The same idea applies to other everyday tasks. For things like converting measurements or getting sports scores, you want a fast visual answer that you can absorb at a glance. (This will be great for my husband, who is often doing both in the kitchen.) We’re rolling out a number of these types of utilities in ChatGPT and will continue to add more over time.
We are also improving how writing works inside ChatGPT. Even though writing is text-based, there are important design elements that can make the experience better. Our first version of canvas resonated with people as a writing tool, but it pulled you out of the flow of conversation. We’re working on integrating writing blocks inside of chat, so you can edit in line or switch to full-screen mode when you need it. You’ll also start to see more relevant options based on what you’re writing, so when you’re drafting a report, we’ll make it easy to download a PDF or Word doc. If you’re getting help with an email or text, we’ll make it easy to open the final version in your email or messaging app.
Apps in ChatGPT are another way we’re bringing rich, interactive experiences to your conversations so you can pull in the right tools and actually take action. Earlier this year, we introduced apps from partners like Booking.com, Canva, Coursera, Expedia, Figma, Spotify, and Zillow. Soon even more apps will be available in a new directory, including Adobe, Airtable, Apple Music, Clay, Lovable, OpenTable, Replit, and Salesforce, and other developers will be able to submit their apps for review. We know that we can’t build everything ourselves, and ChatGPT is even more useful when it can connect to the services you already use and surface the right tool at the right moment.
Across all of these areas and others to come, it’s exciting to see ChatGPT move from being primarily text-based and conversational, toward a fully generative UI that brings in the right components based on what you want to do. When you’re creating, you should be able to see and shape the thing you’re making. When visuals tell a story better than words alone, ChatGPT should include them. When you need a quick answer or the next step lives in another tool, it should be right there. As we do this, we can keep closing the distance between what’s in your mind and your ability to bring it to life.





Message très juste sur l’évolution de ChatGPT vers des interfaces plus naturelles et multimodales. On sent bien l’ambition de réduire la distance entre l’intention et l’action.
De mon côté, en utilisant l’IA au quotidien sur des problèmes très concrets (techniques, humains, pédagogiques), je me rends compte qu’une autre couche devient clé en parallèle de l’UI : la calibration de l’utilisateur.
Avant d’accélérer, aider à comprendre comment une personne pense, apprend, résiste à la friction, ou se met en difficulté. Sinon, on risque parfois de supprimer trop vite une friction qui était justement structurante pour l’apprentissage et l’autonomie.

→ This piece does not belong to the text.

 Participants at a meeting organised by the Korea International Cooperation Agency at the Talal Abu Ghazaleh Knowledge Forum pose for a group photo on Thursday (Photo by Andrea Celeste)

Les interfaces riches rapprochent l’IA de notre manière naturelle de créer.
La compréhension fine de l’utilisateur permet, elle, de rester juste dans l’aide apportée.
Les deux combinées ouvrent, je pense, quelque chose de vraiment puissant et responsable.

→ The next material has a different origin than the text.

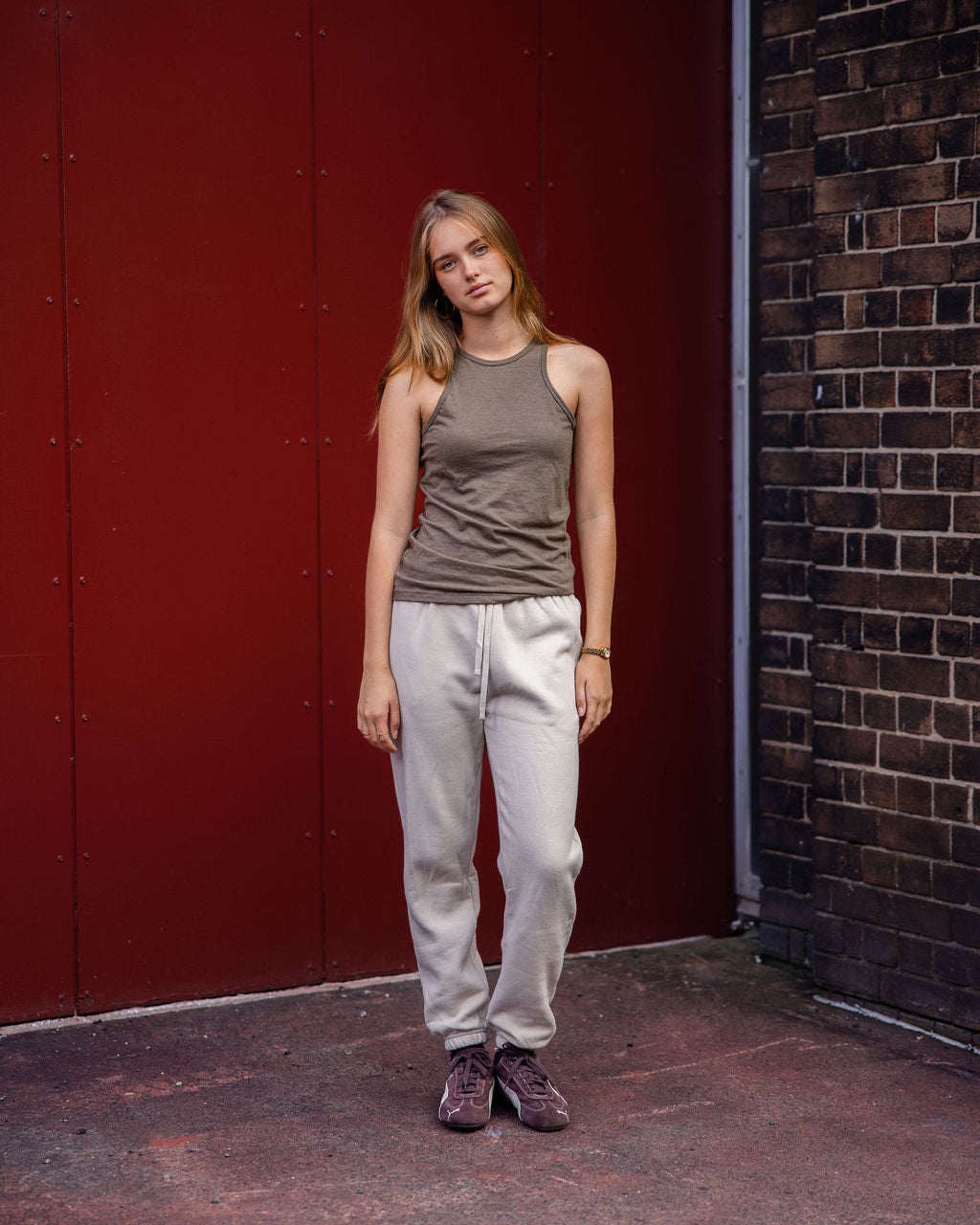 Front-facing view of a woman wearing the American Apparel Racerneck tank top, paired with light blue denim for a clean, minimalist look - heather army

So true. Every different type of user task would benefit so much more if it’s offered through an intuitive interface. Creating visuals needs a more visual interface. For example my dad just couldn’t get the hang of what to type to get what he wanted.
Similarly a shopping experience would need a different experience, it’s okay to tell a chatbot that you need a specific phone at a specific price, whole other ball game to buy a Christmas present for your toddler niece.